So, there appears to be an unwritten rule which ‘allowed’ the NICM to submit the work of others as your own – a typical loophole? And what better way to identify these loopholes than to serve on the expert committee reviewing these applications? As expected, the director of the NICM, Alan Bensoussan did indeed serve on the expert committee in 2010, where he, as an expert promotional scientist, identified the loopholes which they exploited in full in the 2012/2015 rounds. But, this is only true if this is indeed a loophole, otherwise, it is plain and simple fraud! But, to be honest, I could not care less what the ERA guidelines say, it is never okay to take another person’s work! Because what example do you give to students, and what about the international universities who have now unwittingly contributed to the legitimisation of dangerous pseudoscientific healthcare systems in Australia?
For example. Leiden University has unwittingly contributed 7 scientific articles towards WSU’s scientific output. The authors of these articles worked at Leiden university while being paid by the Dutch taxpayer! And at the time, they were completely unaware of the existence of the NICM or WSU. But, unfortunately, without them knowing about it, they have assisted these ‘scientists’ at WSU to promote quackery. I am convinced that Leiden University, and the many other universities who are involved, will not appreciate this.

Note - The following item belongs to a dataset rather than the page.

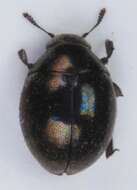 Imagem de <i>Lamprobyrrhulus nitidus</i>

Although this issue is still unfolding, and there are still a lot of questions to be answered, it just again shows that almost everything that pseudoscientists do, is misleading or false. They will even mislead the celebrities or royalty from whom they seek their much-needed endorsements. And this does not bode well, because the NICM who has extensively used their ERA ranking to lobby the Australian and Chinese governments, has managed to strike a deal with China and, in effect, has legitimised TCM in Australia.
So, if you suspect that this practice is widespread at Australian universities, you can always request the information from the ARC under a Freedom of Information Act (section 6.4, page 69). And if you are an academic considering taking up a job at an Australian university, be careful, because they might just stick you in a dark hole and use your extensive publication record as part of their own scientific outputs. But let’s hope that this fraud is limited to the NICM, and not a widespread phenomenon.
Much more to come on this issue
What can you do about all of this?
The bureaucracy involved is extremely complex, so the best thing to do is to stop using their products and treatments – e.g. prevention. Inform yourself and your family and friends about how these people play their game and what the dangers are regarding these ‘treatments’. ‘Friends of Science in Medicine’ provides valuable healthcare information as well as the website of Prof Edzard Ernst, where he discusses everything complementary medicine (what works and what doesn’t). If you are interested in receiving automatic updates regarding the NICM and what they are up to, you can always follow my Blog, Twitter or connect on LinkedIn. I have also started a FaceBook page where I regularly post contents regarding the NICM, and complementary medicine in general(@CompleMedQuacks).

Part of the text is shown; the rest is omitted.